Personalmente, no veo la necesidad de entrar a un proceso constituyente. No porque crea que no haya nada que cambiar, sino porque creo que las reformas que necesitamos no requieren de un nuevo marco legal (en un país informal donde las leyes apenas se cumplen). Además, sin partidos políticos con una visión de país y capaces de canalizar demandas y filtrar potenciales candidatos, estoy seguro de que una eventual asamblea constituyente caería fácilmente en las manos de los intereses particulares (soy generoso con la descripción) que hemos visto dominar al Congreso en sus últimas composiciones. Y más aún si la selección parcial de sus miembros queda en manos del gobierno actual, como han sugerido en más de una ocasión.
En ese sentido, discrepo con los interesantes puntos que levantó Roger Merino en un artículo publicado en “Revista Ideele” en diciembre del 2020. Entre otras cosas, estoy más inclinado a pensar que la crisis política que vivimos no es producto del diseño constitucional, sino de la voluntad de los actores, y lo último que necesitamos es que el elenco actual sea el encargado de escribir una nueva Constitución. Es difícil ver una renovación política en movimientos sociales o juveniles existentes y, sobre todo, pensar que existe una “coalición reformadora exitosa”, al menos por ahora.
De ahí mi preocupación por ver que el tema esté en agenda, tanto por aquellos en campaña por una asamblea constituyente como, en especial, por los que intentan esgrimir una respuesta, pues al hacerlo, de tanto subrayar el asunto, pueden darle a este gobierno la oportunidad de levantar una bandera polarizante que no necesariamente refleje el sentir popular. Como hacen en Perú Libre cada vez que, falsamente, señalan que, dado que la “mitad” del país votó por Pedro Castillo en la segunda vuelta, entonces hay un mandato popular por una nueva Constitución.

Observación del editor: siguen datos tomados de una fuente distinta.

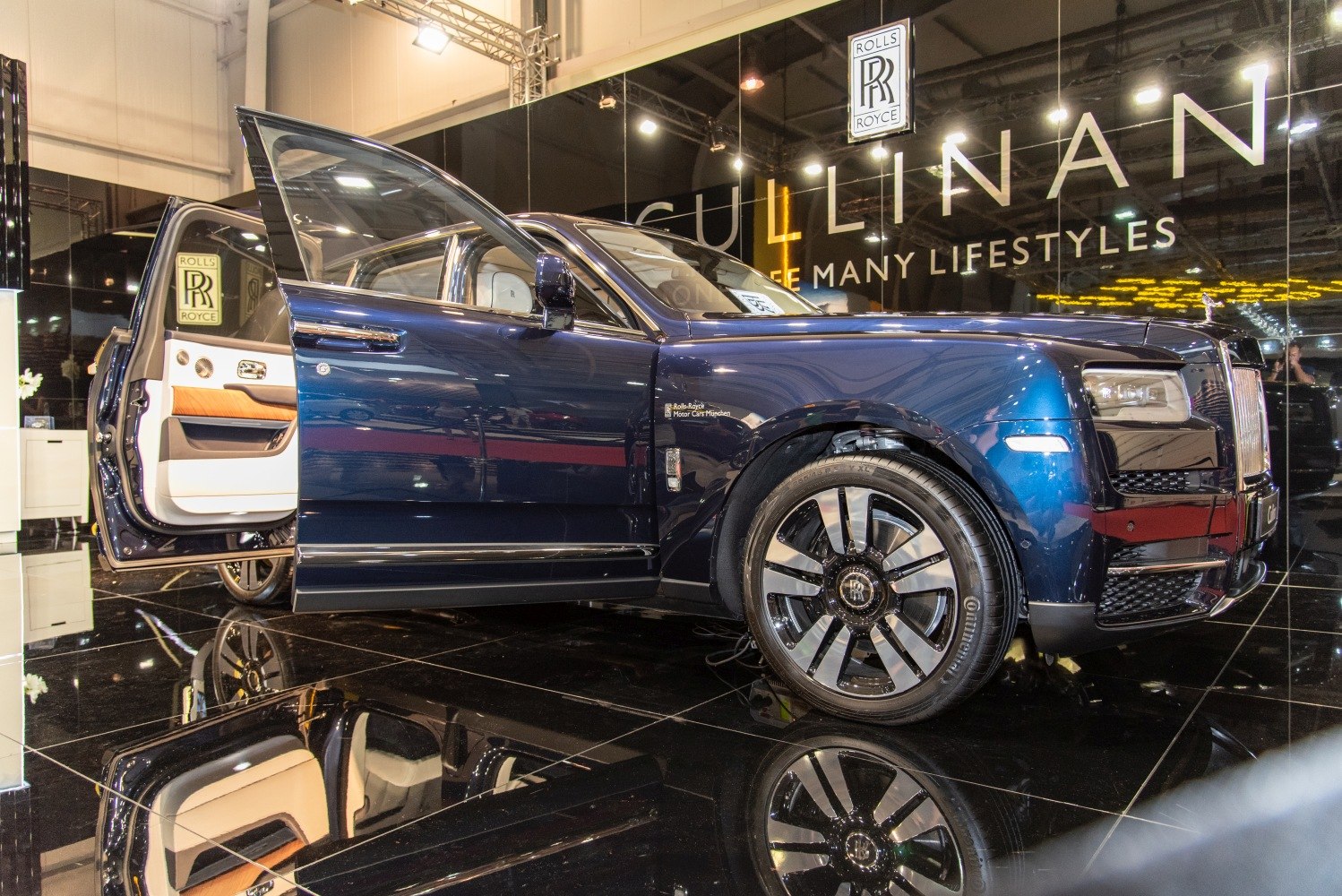 Luxury SUV with rear-hinged coach doors and stylish wheel.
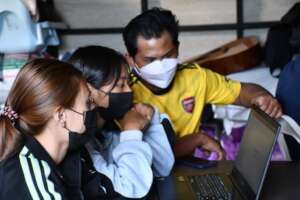 Young ladies learning computing skills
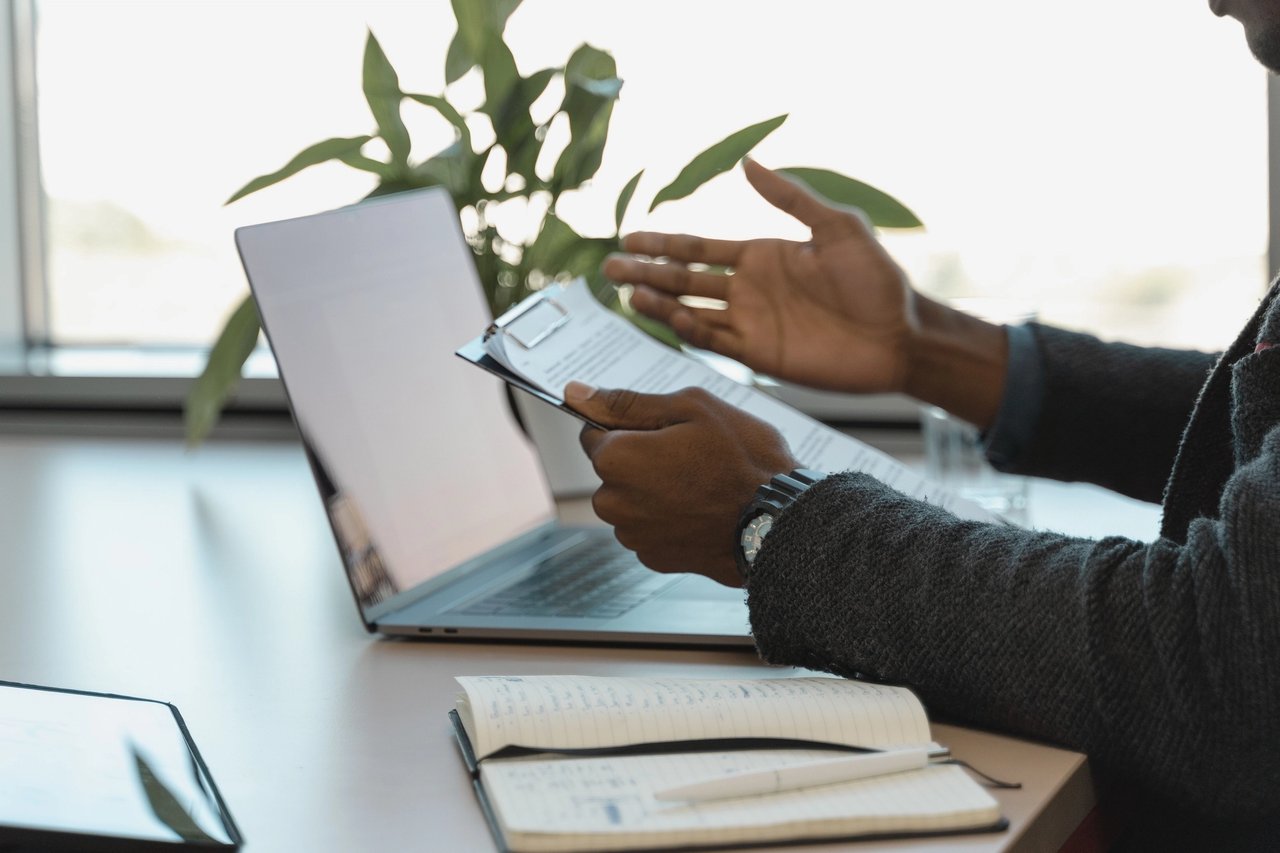 Job seeker sat at laptop confused while studying a printed job description.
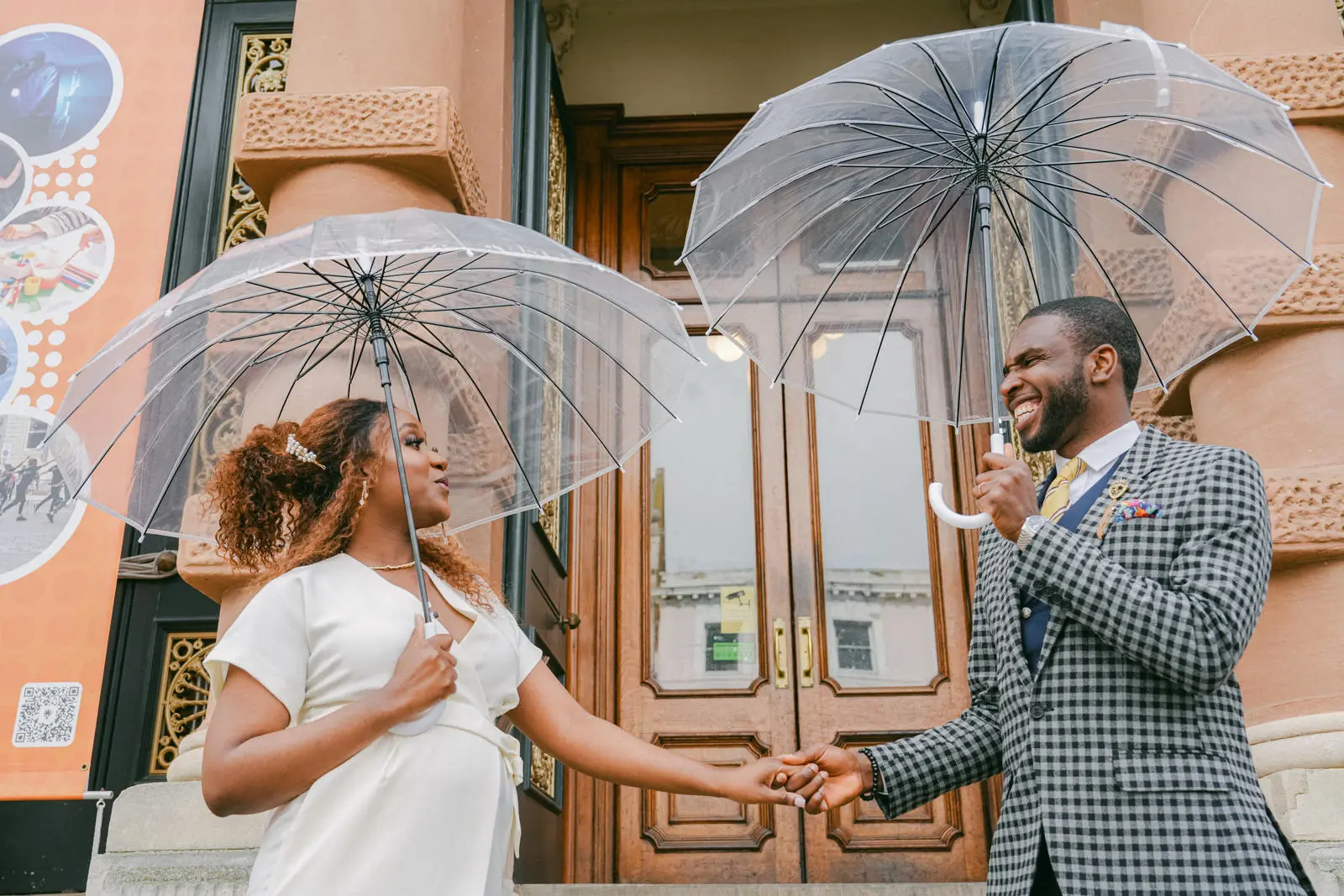 Bride and groom with umbrellas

Y es una bandera atractiva para un gobierno sin norte y con su popularidad en caída. Como Vizcarra luego de sus primeros seis meses, Castillo podría antagonizar a un Congreso obstruccionista opuesto al referéndum. En el horizonte, solo veo el simbolismo de la convocatoria a una constituyente como capaz de devolverle el ímpetu que mostró en su campaña electoral. Y, especialmente, las posibilidades que tiene el tema de convertirse en un nuevo eje o clivaje que vuelva a partir en dos al electorado, como sucedió en la segunda vuelta.
Es difícil observar en los distintos y frecuentes barómetros de la opinión pública una auténtica demanda constituyente. Sí es preocupante ver los niveles de desaprobación de la gran mayoría de actores políticos, en todo el espectro, porque eso alimenta la posibilidad de una crisis política que desborde los canales institucionales y que nos lleve, sin querer, a un proceso constituyente espontáneo, desarticulado y probablemente fallido.
Si lo que dice Roger Merino es cierto (escrito antes de la llegada al poder de Perú Libre y al calor de las marchas de noviembre del 2020) y hay una demanda embalsada e incontenible por un nuevo texto constitucional, no hay ley o sentencia que la aguante. Pero los resultados electorales del 2021, las encuestas y las calles parecen reflejar lo contrario por ahora, y la bandera está siendo básicamente izada por un grupo que ha confesado haberse encontrado con el poder de casualidad y que quisiera quedarse con él siguiendo una ruta autoritaria con trágicos precedentes en la región.